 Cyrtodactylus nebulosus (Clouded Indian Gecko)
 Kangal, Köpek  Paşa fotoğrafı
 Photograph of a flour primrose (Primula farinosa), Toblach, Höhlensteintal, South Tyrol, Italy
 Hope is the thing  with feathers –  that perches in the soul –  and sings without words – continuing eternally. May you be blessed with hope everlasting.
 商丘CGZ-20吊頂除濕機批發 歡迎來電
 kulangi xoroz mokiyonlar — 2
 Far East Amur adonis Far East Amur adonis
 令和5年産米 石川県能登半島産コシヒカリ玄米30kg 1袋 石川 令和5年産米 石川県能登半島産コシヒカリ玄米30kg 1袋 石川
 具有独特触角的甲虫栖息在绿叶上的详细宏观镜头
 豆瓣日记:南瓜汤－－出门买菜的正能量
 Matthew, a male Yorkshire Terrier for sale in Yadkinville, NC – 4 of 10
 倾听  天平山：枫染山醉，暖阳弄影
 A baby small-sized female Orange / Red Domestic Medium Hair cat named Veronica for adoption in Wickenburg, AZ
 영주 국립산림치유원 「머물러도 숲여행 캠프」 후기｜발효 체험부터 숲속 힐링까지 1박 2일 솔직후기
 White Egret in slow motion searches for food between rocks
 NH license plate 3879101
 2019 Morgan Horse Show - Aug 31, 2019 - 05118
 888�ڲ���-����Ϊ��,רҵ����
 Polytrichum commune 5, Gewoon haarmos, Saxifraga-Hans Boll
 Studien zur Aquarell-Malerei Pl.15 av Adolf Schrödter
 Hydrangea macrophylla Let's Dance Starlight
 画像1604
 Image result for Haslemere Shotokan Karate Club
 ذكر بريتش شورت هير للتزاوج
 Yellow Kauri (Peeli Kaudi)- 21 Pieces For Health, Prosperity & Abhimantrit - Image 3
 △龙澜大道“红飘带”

+++++

■ **TASK OBJECTIVE**
Please retype, without any change, the line containing "Studien zur Aquarell-Malerei" and every line after it to the end of the entries above, and only those.

■ **SOLUTION TO THE EXERCISE**
 Studien zur Aquarell-Malerei Pl.15 av Adolf Schrödter
 Hydrangea macrophylla Let's Dance Starlight
 画像1604
 Image result for Haslemere Shotokan Karate Club
 ذكر بريتش شورت هير للتزاوج
 Yellow Kauri (Peeli Kaudi)- 21 Pieces For Health, Prosperity & Abhimantrit - Image 3
 △龙澜大道“红飘带”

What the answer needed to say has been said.